Datering
Maker onbekend
Jak voor een vrouw
Middag- of loopjak van ouderwets korenblauw uit 1900. Het model is oorspronkelijk uit 1920 maar is vermaakt. Het jak vertoont een 18de eeuwse nadenloop. Begin 19de eeuw werd het jak gestileerd naar de heersende mode. De hoge taillelijn op de rug is afgeleid van de empirestijl. In de 20ste eeuw zakt deze taillelijn en is na 1940 nagenoeg recht. Waarschijnlijk omdat het eenvoudiger en voordeliger knippen is zijn de mouwen deels aangeknipt. Zwarte wollen jakken zijn voor de zware rouw. Hofrouw en swisserse jakken voor de lichte rouw. Brung voor de zondag, het dopen, belijdenis en het bruidsjak. Nachtgrondsits voor het bruidskostuum, dopen en belijdenis. Korenblauw voor door de week. Gooiers korenblauw voor de zondag. Het jak wordt nu alleen buiten in de winter gedragen. Tot in het begin van deze eeuw het gehele jaar. Dit jak is omstreeks 1938 aangepast aan de mode in de dracht. De schoten worden dan langer en omdat de kraplap breder is moeten ook de jakken verbreed. de achterplooi wordt vastgezet. Na 1945 worden de schoten weer korter. De plooien worden omstreeks 1950 vastgezet
Gedetailleerde beschrijving
Donkerblauwe ondergrond met klein bloemmotief in rood en geel, in de voorzijde van de schoot zijn andere lapjes verwerkt. Ook elders veel lapjes ingezet. Motief heet roosjes; korenblauw. Het model is vermaakt.
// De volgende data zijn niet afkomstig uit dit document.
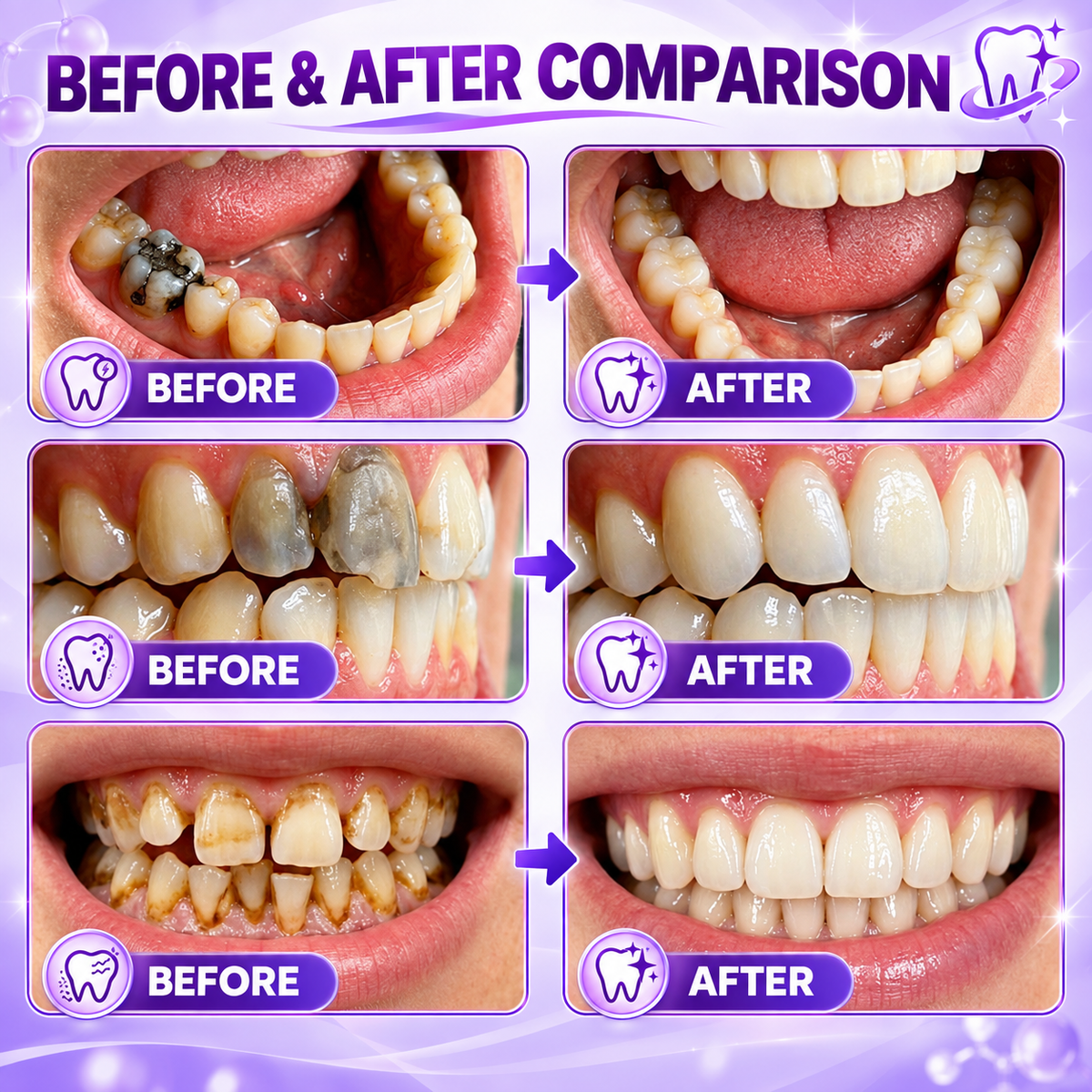 TERVENCE® DenPerm Cavity-Repair Natural Enamel Filling Gel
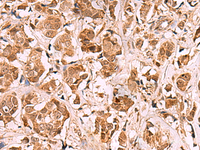 Immunohistochemistry of paraffin-embedded Human breast cancer tissue using RRP8 Polyclonal Antibody at dilution of 1:80 (×200)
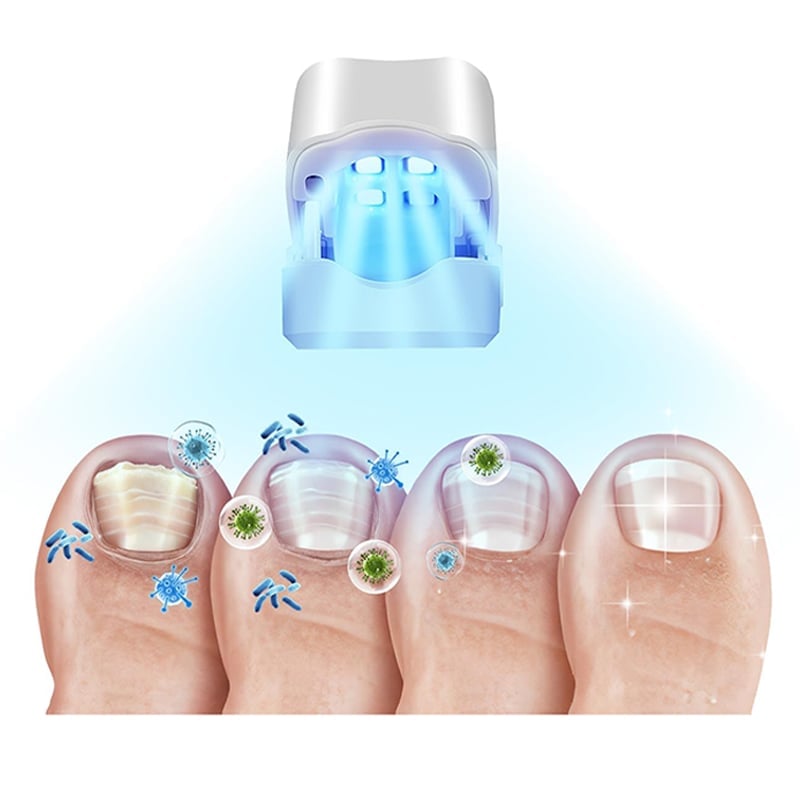 Tragbares UV-Mini-Phototherapiegerät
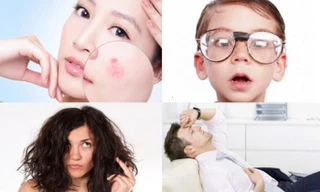 Những dấu hiệu bất thường cảnh báo cơ thể bạn đang thiếu vitamin nghiêm trọng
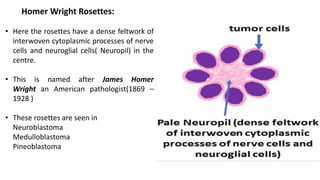 Homer Wright Rosettes:
• Here the rosettes have a dense feltwork of
interwoven cytoplasmic processes of nerve
cells and neuroglial cells( Neuropil) in the
centre.
• This is named after James Homer
Wright an American pathologist(1869 –
1928 )
• These rosettes are seen in
Neuroblastoma
Medulloblastoma
Pineoblastoma
 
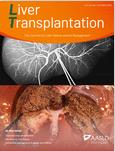 Liver Transplantation《肝脏移植》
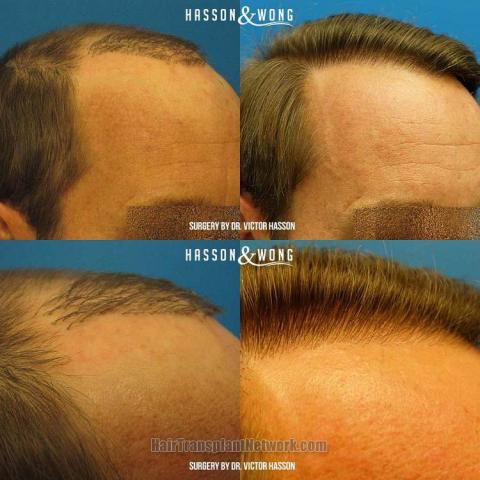 Hair transplantation surgery before and after images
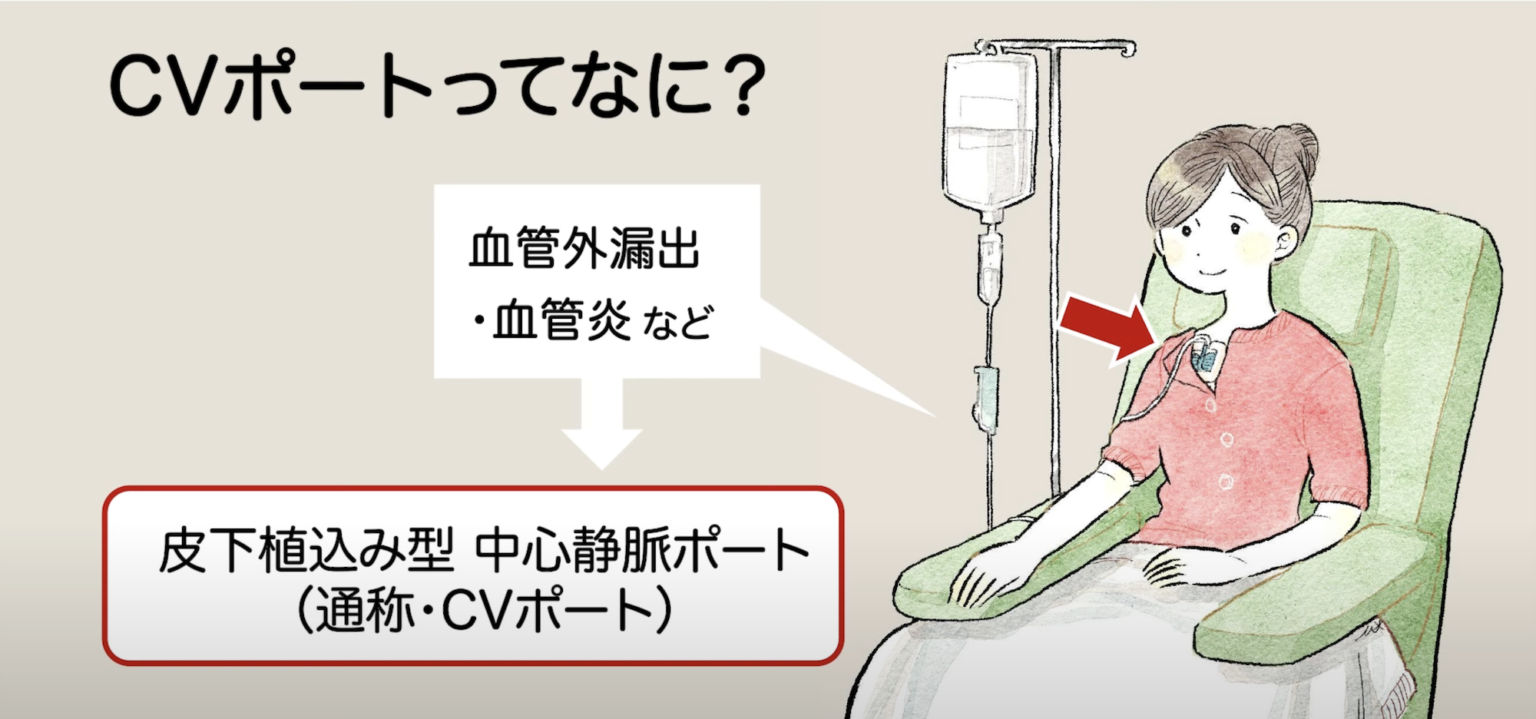 » CVポートって何？【皮下植込み型・中心静脈ポート】｜乳がん大事典｜一般社団法人BC TUBE…
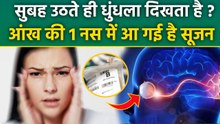 Optic Nerve Swelling Treatment: सुबह उठते ही धुंधला दिखने का कारण,इलाज | Causes In Hindi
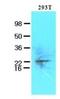 Ubiquitin Conjugating Enzyme E2 S antibody, NBP1-41126, Novus Biologicals, Western Blot image 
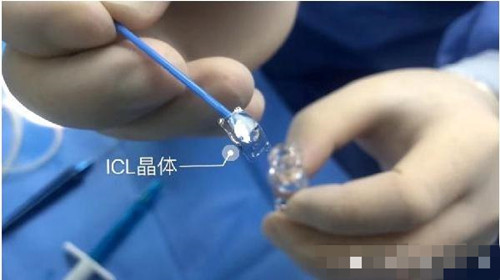 晶体植入图示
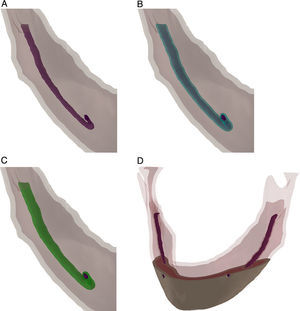 Passos para determinação do canal mandibular. (A) O canal segmentado da tomografia, (B) superfície de offset ao redor do canal, (C) operação de combinação para determinar as áreas comuns entre a mandibular e o ligamento e remoção da porção interna do canal, (D) resultado final.
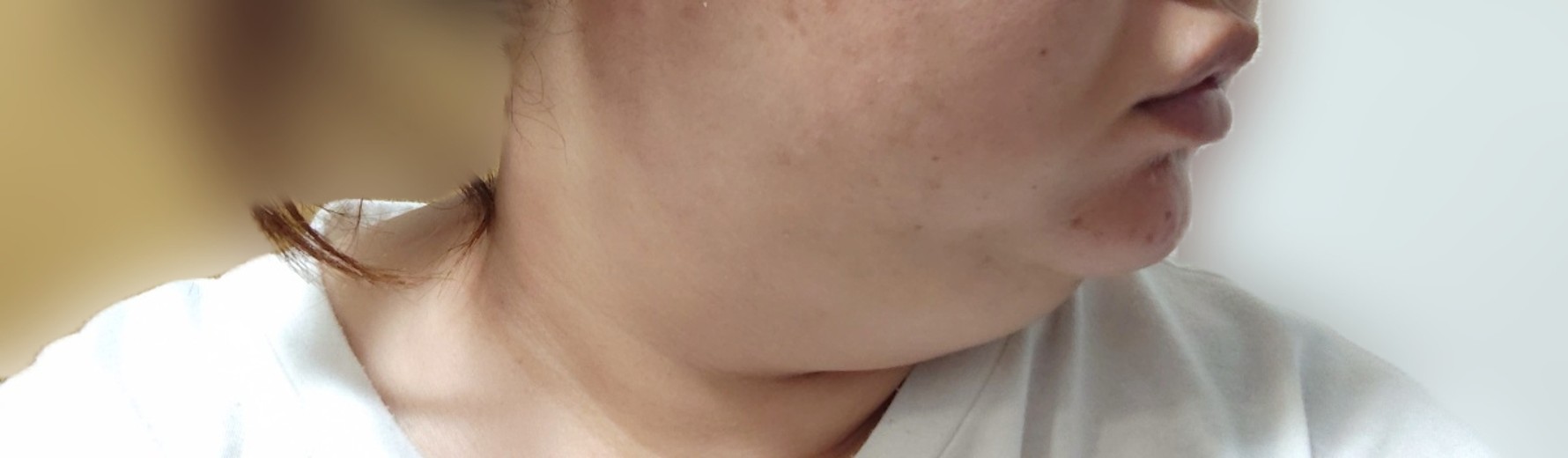 after photo: 脂肪溶解注射(顔)
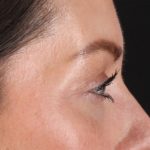 Eyelid Surgery Before & After Patient #2882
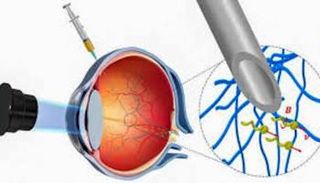 روبوت صغير يسهل دخول الدواء في العين - أرشيفية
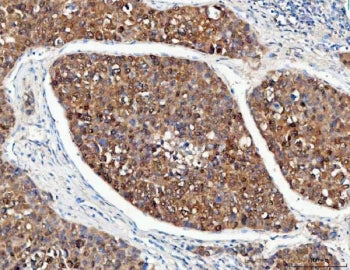 PSMD14 Antibody / 26S proteasome non-ATPase regulatory subunit 14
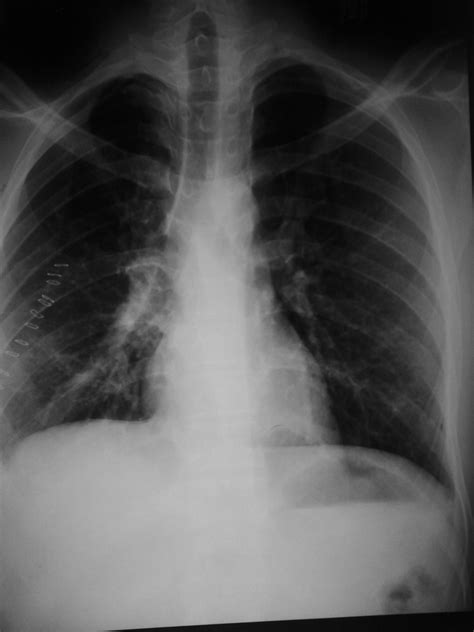 Posterior Mediastinal Mass Diagnosed As Schwanomma With Concomittant Tuberculosis Bmj Case Reports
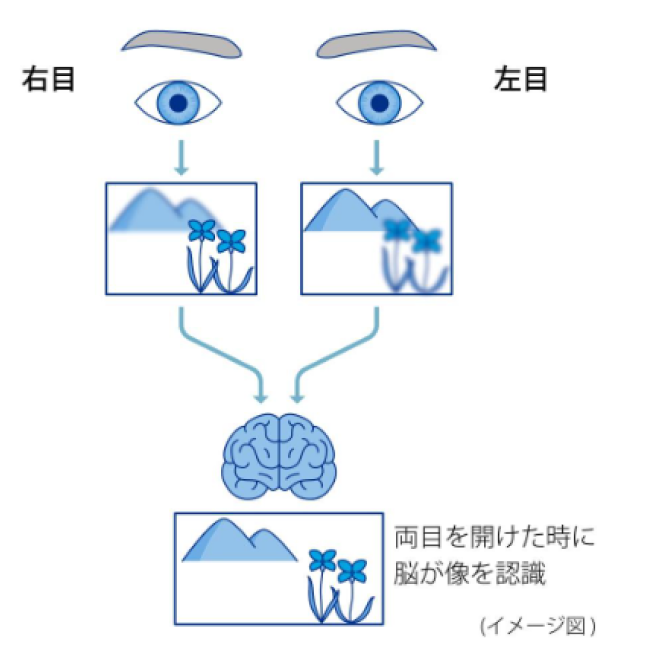 モノビジョンでは： • 利き目 → 遠くを見る用に調整（ピントを遠方に） • 反対の目 → 近くを見る用に調整（ピントを手元に） 設定するが、その際の見え方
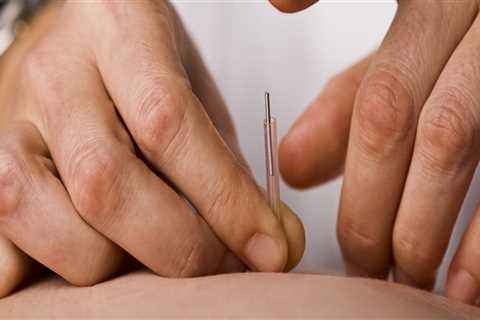 Can Children Receive Acupuncture Treatments?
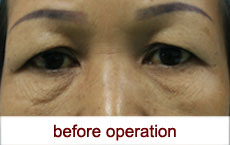 plastic-surgery-blepharoplasty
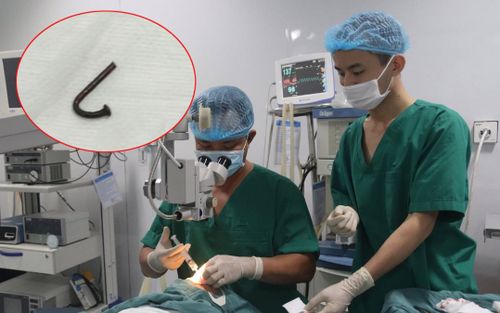 Bé gái 19 tháng tuổi bị đinh dài 3 cm đâm xuyên mắt
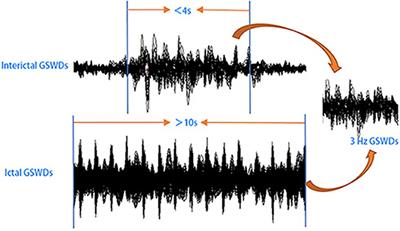 Differences Between Interictal and Ictal Generalized Spike-Wave Discharges in Childhood Absence Epilepsy: A MEG Study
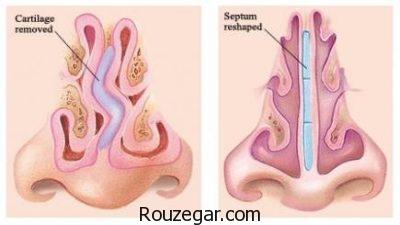درمان پولیپ بینی،عوارض جراحی پولیپ بینی،علائم پولیپ بینی
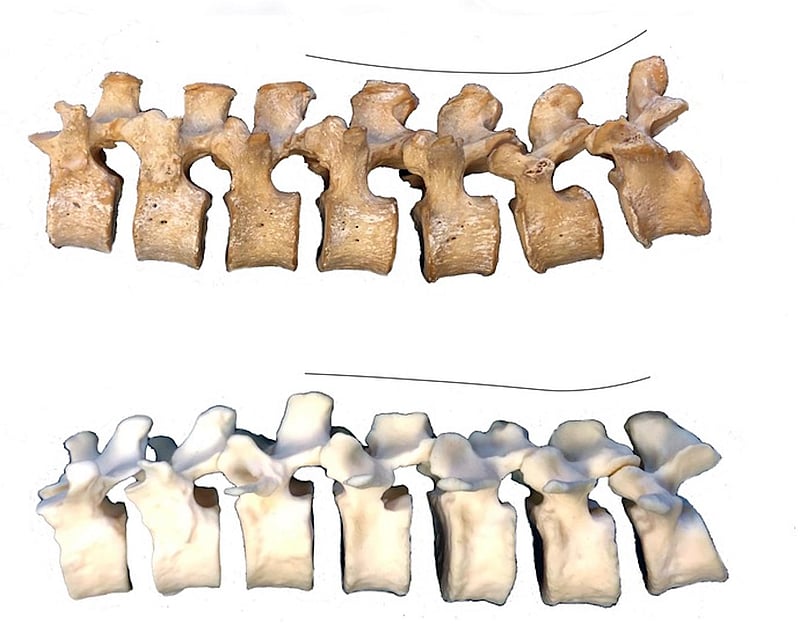 News Picture: Looking to Neanderthals to Explain Today's Lower Back Pain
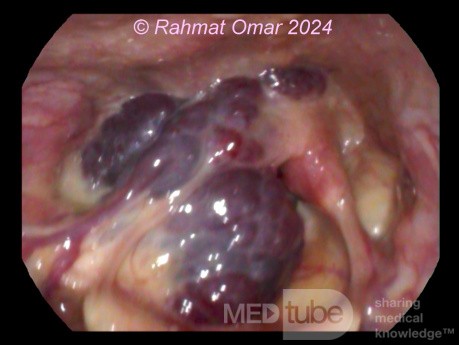 Hémangiome Laryngé Chez Un Adulte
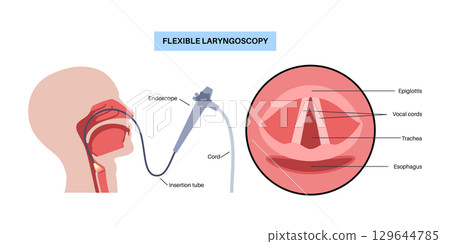 Laryngoscopy medical procedure Laryngoscopy medical procedure 129644785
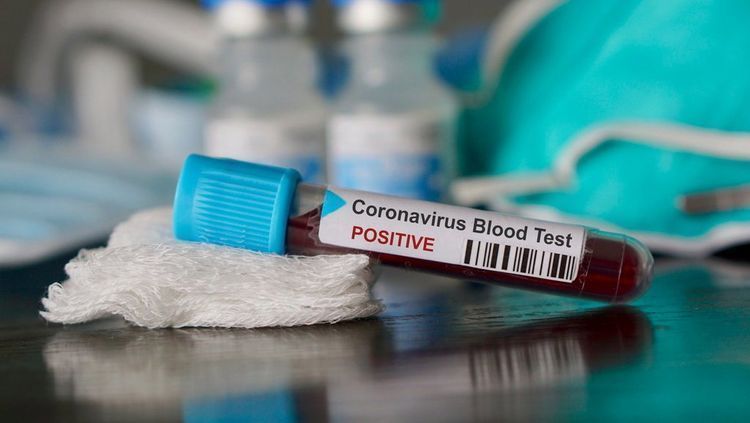 Number of confirmed coronavirus cases reaches 36,899 in Azerbaijan, 541 deaths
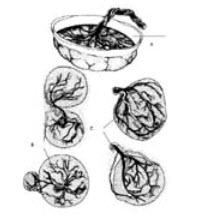 图中是不同类型的胎盘a是b是c是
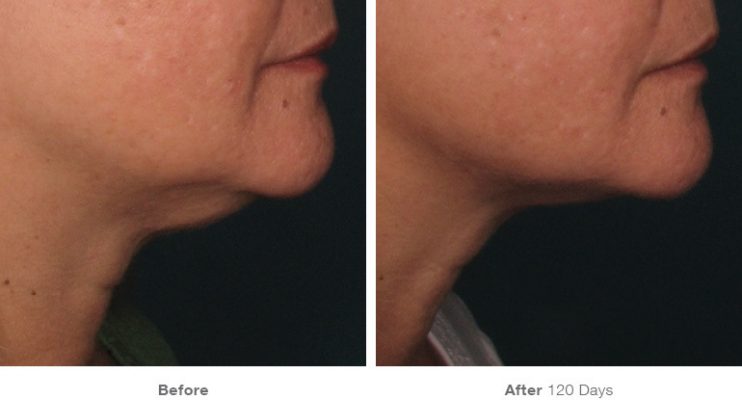 before_after_ultherapy_dsclinic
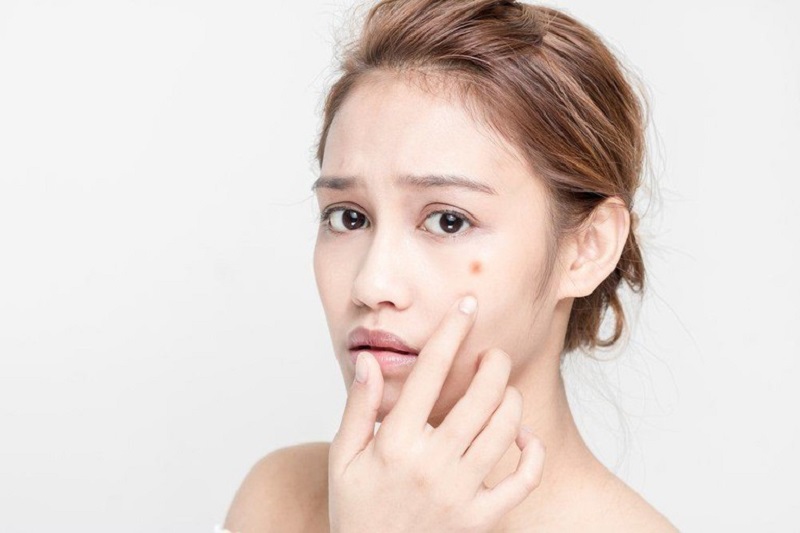[LÀM ĐẸP] 6 loại mặt nạ cho da mụn mùa đông dưỡng ẩm cực tốt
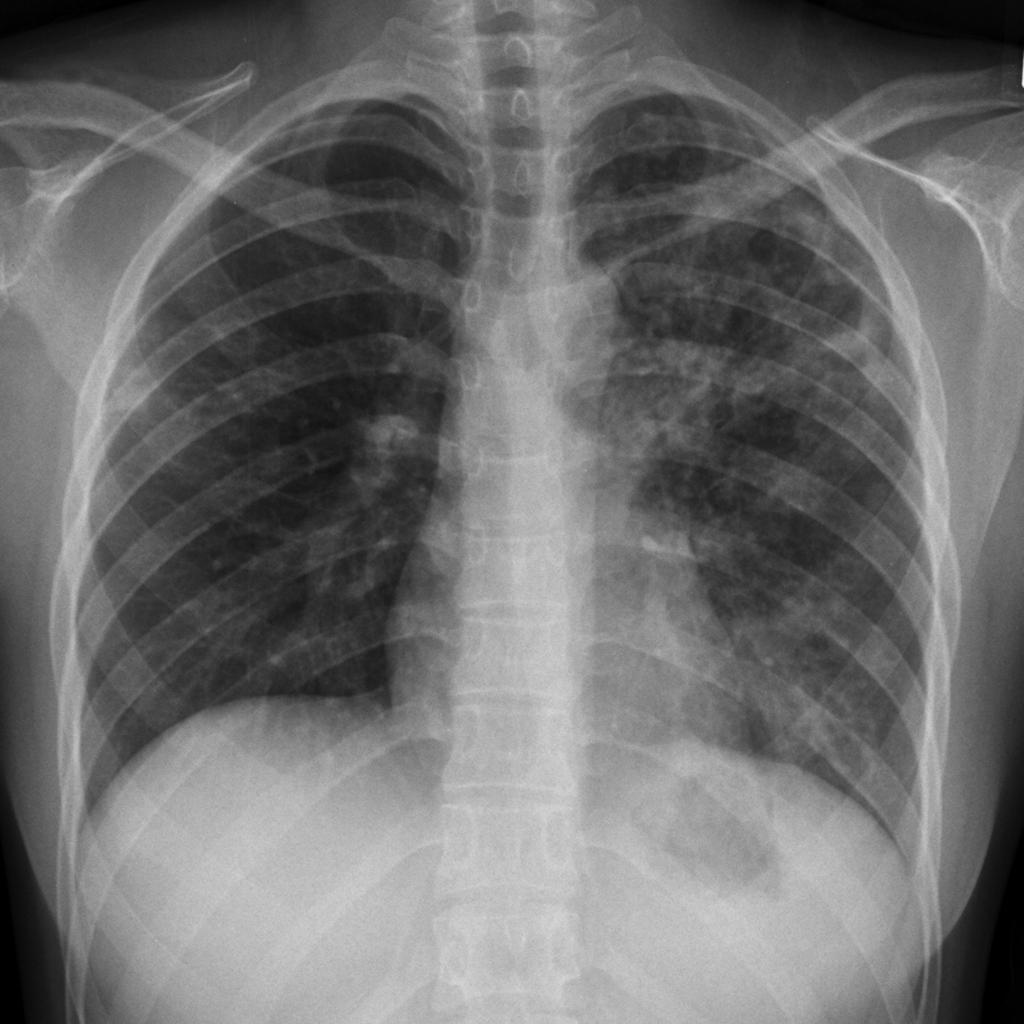 tuberculosis-lung-x-ray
De schoot is verlengd, plooi vast gezet Op de rug en aan de hals verbreed vanwege de kraplap. De figuurnaden van de hals naar de oksel zijn uitgelegd. De taillelijn is achter recht, boven de stolpplooi twee gekleurde knoopjes. Het jak sluit met 6 koperen haken en ogen, de manchetten sluiten met twee knoopjes, rechts twee zwarte, links een koperen en een stoffen knoop. De voering van het lijf is donkerblauwe keperkatoen, langs de hals links een klein ruitje rechts een grotere,De schoot is gevoerd met diverse blauw/witte ruiten, de ondermouwen met een kleine ruit, rood met een blauwe ruitstreep.